Either way, I’m not going to take it seriously. Instead, I’ll tell you that it sits nicely in the hand and feels weighty and expensive, albeit only in that somatic way that makes something feel expensive when you already know it’s expensive.

And that’s it.

I won’t tell you how it performs because, firstly, none of us are going to buy it. So it doesn’t matter. And secondly the 7900X, the manner of its launch and the non-launch of its new many-core CPU brethren make it all too obvious how out of touch Intel has been of late.

The way I see it, for far too long Intel has set itself the wrong task. It should have aspired to make great CPUs. The end. Instead, it aimed to produce the worst CPUs it could get away with. And then dressed that up as progress.

For a while, that worked. There was no competition. Then AMD’s Ryzen popped up and, though it's arguably flawed as a gaming CPU, Intel panicked. The result is the shitstorm of CPUs models I reported on recently and none of it makes any sense.

My impression is that the 7900X was originally intended to be the top chip. As a consequence it’s clocked very high, high enough in all-cores Turbo mode that I suspect it will make the task of outperforming it with CPUs configured with more cores actually pretty tricky. Which may be part of the reason why all those CPU have yet to be released.

It wouldn’t actually surprise me if Intel adjusts its plans for the line up of CPUs it intends to stick in the new LGA2066 socket, into which the the 7900X slots.
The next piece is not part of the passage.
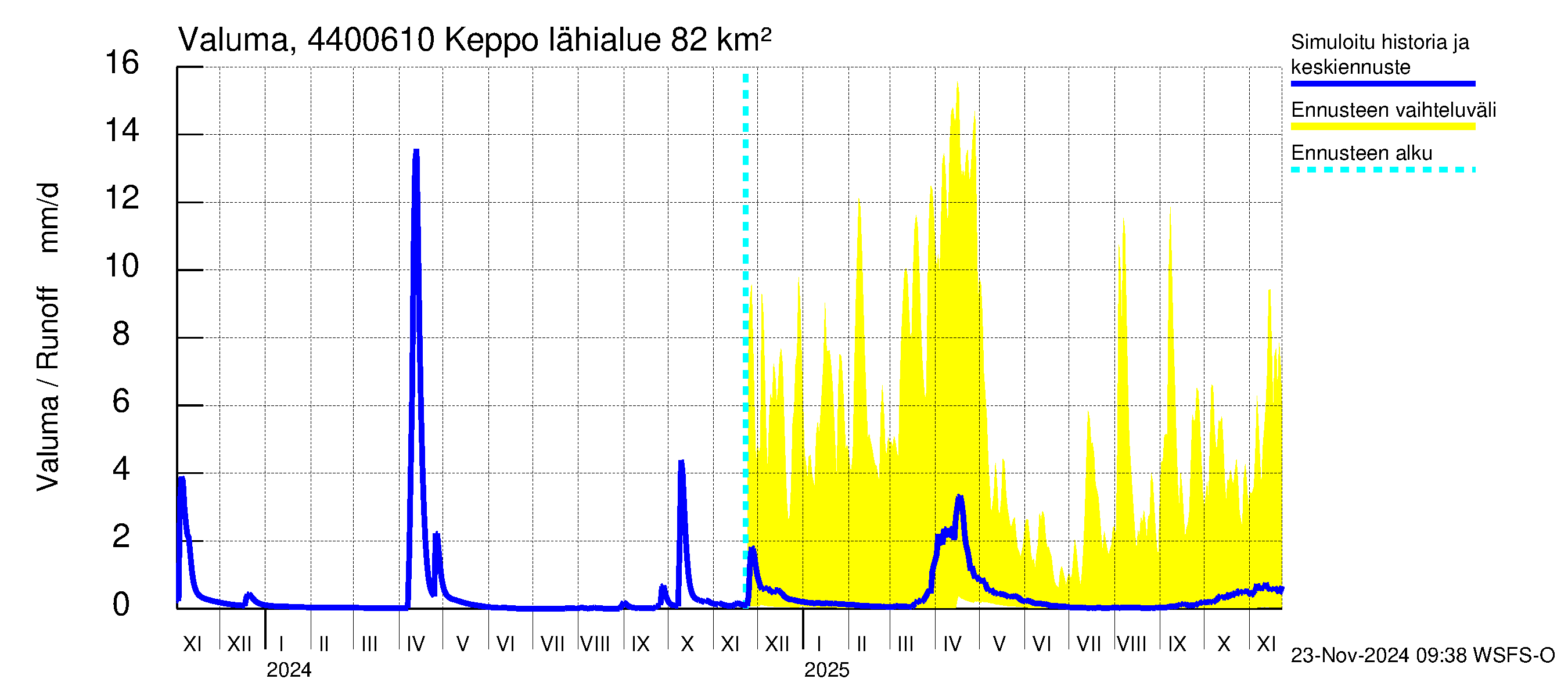 Lapuanjoen vesistöalue - Keppo: Valuma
It’s a mess. Bizarre four-core models with bits turned off that are inexplicably more expensive than the mainstream socket LGA1151 chips they're based on and hobble the motherboards into which they are inserted. Numerous models that have been partially announced but nobody knows when they will arrive and which seemingly only exist to act as a spoiler to dampen sales of upcoming many-core AMD Ryzen chips. It all has a general air of chaotic improvisation.

The whole sorry story smacks of an entrenched operator that has grown defensive to the point of self-destruction. Everything about the way Intel plans its products now seems overwhelmingly negative to the point that I honestly think there’s a certain belligerence to the way it views its customers. Yes, it exists to make a profit. I have no issue with that. But there are many ways to skin that particular cat. And if you don’t respect your customers, you can’t really expect your customers - or the media - to respect you.
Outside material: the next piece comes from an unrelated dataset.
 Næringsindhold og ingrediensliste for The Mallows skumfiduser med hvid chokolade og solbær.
I’m also reminded of a somewhat analogous situation in my other occupational muse, the car market. For some time now, Porsche has been rolling out big-ticket limited edition car models that are sold out before they are even officially announced as products, which is a nice trick when you think about it.

Anyway, the somewhat preposterous net result is that Porsche keeps on launching new cars that you can’t buy unless you’re part of a tiny club of favoured clients, the membership criteria of which is opaque to say the least. And yet, Porsche goes through the usual press launch routine. The hacks turn up. The column inches and YouTube video content are cranked out. The circus goes on.

In a similar fashion, I’ve been as guilty as the next hack of toeing the line, of reviewing the latest infinitesimally incremental new mainstream Intel CPU release. When really i should have said nothing, because the new chips changed nothing and didn’t merit serious coverage.

Of course, you could accuse me of having my cake and eating it, of not reviewing the 7900X but still giving it airtime. I grant there’s also a certain hypocrisy tied up in all this as it pertains to gaming specifically and the limited role of the PC processor as a bottleneck to gaming performance.

But that’s a complex chicken-and-egg argument. Moreover saying nothing at all isn’t really viable. On a one off basis, it has zero impact.

So this is my review of the Intel Core-i9 7900X. And it’s no review at all.